Captures metadata about S3 objects.

If your S3 object requires additional information to identify it, such as its version ID, you can use S3.location().

Parameters:
  • paths (list) – List of S3 URLs of the form "s3://<bucket-name>" or "s3://<bucket-name>/<key>", or objects returned by S3.location().

  • enable_mdb_versioning (bool, default False) – Whether to upload the data itself to ModelDB to enable managed data versioning.

Examples

from verta.dataset import S3
dataset1 = S3([
    "s3://verta-starter/census-train.csv",
    "s3://verta-starter/census-test.csv",
])
dataset2 = S3([
    "s3://verta-starter",
])
dataset3 = S3([
    S3.location("s3://verta-starter/census-train.csv",
                version_id="xxxxxxxxxxxxxxxxxxxxxxxxxxxxxxxx"),
])
dataset += other

Updates the dataset, adding paths from other.

dataset + other + ...

Returns a new dataset with paths from the dataset and all others.

add(paths)

Adds paths to this dataset.

Parameters:

paths (list) – List of S3 URLs of the form "s3://<bucket-name>" or "s3://<bucket-name>/<key>", or objects returned by S3.location().

static blob_msg_to_object(blob_msg)

Deserialize a blob protobuf message into an instance.

Parameters:

blob_msg (VersioningService_pb2.Blob) –

Returns:

instance of subclass of Blob

download(component_path=None, download_to_path=None)

Downloads component_path from this dataset if ModelDB-managed versioning was enabled.

Parameters:
  • component_path (str, optional) – Original path of the file or directory in this dataset to download. If not provided, all files will be downloaded.

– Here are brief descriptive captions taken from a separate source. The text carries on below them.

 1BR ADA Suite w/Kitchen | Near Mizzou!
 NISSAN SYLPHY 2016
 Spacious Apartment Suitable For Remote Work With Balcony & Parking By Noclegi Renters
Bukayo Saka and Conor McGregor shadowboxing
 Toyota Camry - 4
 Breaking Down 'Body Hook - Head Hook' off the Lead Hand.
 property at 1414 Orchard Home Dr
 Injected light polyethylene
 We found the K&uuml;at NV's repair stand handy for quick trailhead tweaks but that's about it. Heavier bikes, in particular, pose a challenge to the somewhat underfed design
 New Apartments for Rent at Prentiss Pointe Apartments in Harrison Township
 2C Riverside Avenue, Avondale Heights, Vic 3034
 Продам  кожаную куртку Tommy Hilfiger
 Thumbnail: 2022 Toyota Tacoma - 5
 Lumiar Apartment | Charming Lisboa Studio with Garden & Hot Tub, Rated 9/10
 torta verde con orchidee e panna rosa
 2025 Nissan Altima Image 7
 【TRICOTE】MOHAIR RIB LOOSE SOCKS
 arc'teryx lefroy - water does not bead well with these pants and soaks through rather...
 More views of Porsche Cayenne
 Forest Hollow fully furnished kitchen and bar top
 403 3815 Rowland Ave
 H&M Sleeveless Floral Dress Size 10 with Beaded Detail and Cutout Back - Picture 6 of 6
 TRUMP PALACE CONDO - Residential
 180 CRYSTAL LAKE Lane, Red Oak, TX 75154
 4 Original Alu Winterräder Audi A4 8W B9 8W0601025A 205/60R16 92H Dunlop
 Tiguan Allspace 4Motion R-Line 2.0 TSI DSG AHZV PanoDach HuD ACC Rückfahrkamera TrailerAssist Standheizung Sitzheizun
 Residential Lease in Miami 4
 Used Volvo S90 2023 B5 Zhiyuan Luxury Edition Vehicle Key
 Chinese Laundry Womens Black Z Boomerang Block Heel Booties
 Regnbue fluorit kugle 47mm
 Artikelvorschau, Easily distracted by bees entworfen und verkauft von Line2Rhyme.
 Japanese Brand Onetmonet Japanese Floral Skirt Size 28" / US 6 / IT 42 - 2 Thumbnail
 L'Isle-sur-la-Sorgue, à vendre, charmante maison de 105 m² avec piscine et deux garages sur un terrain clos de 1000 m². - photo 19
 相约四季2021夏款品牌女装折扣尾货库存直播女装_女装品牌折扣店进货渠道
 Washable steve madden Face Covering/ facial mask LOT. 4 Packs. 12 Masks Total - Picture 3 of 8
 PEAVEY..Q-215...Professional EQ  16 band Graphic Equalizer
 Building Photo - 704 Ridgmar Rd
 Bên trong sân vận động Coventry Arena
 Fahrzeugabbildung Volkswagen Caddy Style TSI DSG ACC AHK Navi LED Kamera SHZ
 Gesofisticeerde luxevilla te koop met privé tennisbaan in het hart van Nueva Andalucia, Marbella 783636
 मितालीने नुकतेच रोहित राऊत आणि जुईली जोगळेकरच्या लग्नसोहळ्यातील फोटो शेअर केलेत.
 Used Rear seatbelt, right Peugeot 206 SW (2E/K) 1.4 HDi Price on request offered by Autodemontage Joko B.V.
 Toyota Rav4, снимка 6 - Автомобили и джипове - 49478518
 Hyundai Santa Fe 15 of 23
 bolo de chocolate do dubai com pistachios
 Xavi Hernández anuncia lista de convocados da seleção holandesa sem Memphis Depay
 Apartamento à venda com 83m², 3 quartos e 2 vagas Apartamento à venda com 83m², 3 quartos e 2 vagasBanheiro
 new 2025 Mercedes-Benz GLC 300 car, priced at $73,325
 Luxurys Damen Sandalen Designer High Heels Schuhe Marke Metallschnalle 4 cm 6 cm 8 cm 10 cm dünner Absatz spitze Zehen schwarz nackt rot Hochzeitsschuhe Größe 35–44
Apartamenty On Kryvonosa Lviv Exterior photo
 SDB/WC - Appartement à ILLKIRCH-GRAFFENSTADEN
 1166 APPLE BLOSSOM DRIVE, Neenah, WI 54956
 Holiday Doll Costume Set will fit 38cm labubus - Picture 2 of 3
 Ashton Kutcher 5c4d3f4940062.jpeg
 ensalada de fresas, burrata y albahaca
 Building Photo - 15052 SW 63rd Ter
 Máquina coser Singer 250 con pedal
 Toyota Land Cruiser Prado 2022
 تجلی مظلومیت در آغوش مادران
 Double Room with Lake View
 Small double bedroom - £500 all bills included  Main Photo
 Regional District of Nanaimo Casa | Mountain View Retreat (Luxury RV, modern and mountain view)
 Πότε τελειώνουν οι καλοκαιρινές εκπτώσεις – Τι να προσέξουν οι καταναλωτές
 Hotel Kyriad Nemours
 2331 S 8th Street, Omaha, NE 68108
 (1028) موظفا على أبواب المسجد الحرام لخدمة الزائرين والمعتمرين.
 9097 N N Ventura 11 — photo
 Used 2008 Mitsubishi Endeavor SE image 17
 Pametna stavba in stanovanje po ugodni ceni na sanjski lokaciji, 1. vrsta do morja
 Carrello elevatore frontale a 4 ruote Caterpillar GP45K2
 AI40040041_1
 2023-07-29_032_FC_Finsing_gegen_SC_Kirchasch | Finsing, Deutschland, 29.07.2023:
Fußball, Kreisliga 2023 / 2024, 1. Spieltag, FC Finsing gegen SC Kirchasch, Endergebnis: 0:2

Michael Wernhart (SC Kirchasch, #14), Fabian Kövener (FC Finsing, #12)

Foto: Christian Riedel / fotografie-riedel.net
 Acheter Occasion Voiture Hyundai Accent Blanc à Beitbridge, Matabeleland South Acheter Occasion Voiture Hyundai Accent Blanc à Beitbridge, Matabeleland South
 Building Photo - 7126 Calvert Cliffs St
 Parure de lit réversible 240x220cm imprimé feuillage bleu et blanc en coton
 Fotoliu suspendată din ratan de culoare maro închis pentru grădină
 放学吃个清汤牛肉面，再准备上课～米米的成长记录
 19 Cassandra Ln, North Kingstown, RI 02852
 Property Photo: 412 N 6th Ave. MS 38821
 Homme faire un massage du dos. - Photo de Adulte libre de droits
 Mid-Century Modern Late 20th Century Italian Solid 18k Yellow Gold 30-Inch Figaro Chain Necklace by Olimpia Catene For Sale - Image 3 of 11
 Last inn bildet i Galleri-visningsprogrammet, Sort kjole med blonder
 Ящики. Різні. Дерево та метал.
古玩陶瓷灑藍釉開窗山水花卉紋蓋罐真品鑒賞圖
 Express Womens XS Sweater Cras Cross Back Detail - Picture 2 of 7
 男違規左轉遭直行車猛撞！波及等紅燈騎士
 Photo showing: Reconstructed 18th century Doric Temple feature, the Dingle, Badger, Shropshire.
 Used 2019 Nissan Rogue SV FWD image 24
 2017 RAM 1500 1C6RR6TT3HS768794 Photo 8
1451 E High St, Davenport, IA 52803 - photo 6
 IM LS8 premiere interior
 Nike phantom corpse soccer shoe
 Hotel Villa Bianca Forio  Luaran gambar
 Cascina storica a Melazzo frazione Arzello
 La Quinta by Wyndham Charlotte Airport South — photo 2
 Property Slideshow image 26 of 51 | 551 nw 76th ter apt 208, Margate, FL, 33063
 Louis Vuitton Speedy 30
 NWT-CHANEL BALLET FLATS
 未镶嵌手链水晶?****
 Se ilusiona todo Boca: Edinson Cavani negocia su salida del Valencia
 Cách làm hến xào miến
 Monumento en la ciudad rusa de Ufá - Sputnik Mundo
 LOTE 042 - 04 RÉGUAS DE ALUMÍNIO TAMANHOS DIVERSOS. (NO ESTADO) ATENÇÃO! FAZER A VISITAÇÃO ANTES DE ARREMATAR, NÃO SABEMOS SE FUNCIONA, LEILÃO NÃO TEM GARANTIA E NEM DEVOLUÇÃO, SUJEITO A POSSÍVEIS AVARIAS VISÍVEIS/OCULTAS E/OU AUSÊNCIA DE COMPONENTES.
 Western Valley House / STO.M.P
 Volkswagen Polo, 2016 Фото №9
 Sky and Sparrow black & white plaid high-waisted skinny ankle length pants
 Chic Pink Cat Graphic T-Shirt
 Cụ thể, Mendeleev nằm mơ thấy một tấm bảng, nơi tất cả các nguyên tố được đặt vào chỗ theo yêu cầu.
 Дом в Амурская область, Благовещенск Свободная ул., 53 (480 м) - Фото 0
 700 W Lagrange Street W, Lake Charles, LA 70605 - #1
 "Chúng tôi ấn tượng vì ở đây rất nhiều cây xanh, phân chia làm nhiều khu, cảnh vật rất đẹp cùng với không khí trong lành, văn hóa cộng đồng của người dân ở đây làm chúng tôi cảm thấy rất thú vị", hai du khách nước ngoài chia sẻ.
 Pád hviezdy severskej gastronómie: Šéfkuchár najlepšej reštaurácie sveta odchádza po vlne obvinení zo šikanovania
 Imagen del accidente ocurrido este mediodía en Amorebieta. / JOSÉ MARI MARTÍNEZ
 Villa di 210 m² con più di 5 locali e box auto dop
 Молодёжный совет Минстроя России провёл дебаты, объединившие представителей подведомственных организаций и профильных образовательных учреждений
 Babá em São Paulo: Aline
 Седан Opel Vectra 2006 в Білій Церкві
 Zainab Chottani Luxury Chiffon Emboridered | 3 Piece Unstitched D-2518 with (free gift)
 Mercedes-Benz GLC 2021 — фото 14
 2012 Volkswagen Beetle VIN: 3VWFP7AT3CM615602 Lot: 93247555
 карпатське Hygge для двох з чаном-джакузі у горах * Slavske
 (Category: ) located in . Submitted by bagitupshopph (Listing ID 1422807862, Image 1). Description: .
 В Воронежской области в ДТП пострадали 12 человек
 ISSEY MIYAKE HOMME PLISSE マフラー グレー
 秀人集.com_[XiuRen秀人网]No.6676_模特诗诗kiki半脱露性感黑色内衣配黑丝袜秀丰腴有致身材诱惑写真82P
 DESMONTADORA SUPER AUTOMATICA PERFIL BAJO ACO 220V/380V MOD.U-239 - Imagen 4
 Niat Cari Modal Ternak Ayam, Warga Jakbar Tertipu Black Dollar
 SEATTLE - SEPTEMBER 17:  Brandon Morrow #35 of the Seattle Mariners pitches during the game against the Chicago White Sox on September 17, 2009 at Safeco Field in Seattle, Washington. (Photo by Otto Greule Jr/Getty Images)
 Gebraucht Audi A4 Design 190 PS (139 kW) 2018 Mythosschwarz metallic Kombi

  • download_to_path (str, optional) – Path to download to. If not provided, the file(s) will be downloaded into a new path in the current directory. If provided and the path already exists, it will be overwritten.

Returns:

downloaded_to_path (str) – Absolute path where file(s) were downloaded to. Matches download_to_path if it was provided as an argument.

list_components()

Returns the components in this dataset.

Returns:

components (list of Component) – Components.

list_paths()

Returns the paths of all components in this dataset.

Returns:

component_paths (list of str) – Paths of all components.

static location(path, version_id=None)

Returns an object describing an S3 location that can be passed into a new S3.

Parameters:
  • path (str) – S3 URL of the form "s3://<bucket-name>" or "s3://<bucket-name>/<key>".

  • version_id (str, optional) – ID of an S3 object version.

Returns:

S3Location – A location in S3.

Raises:

ValueError – If version_id is provided but path represents a bucket rather than a single object.

classmethod with_spark(sc, paths)

Creates a dataset blob with a SparkContext instance.

Parameters:
  • sc (pyspark.SparkContext) – SparkContext instance.

  • paths (list of strs) – List of paths to binary input data file(s).

Returns:

dataset (dataset) – Dataset blob capturing the metadata of the binary files.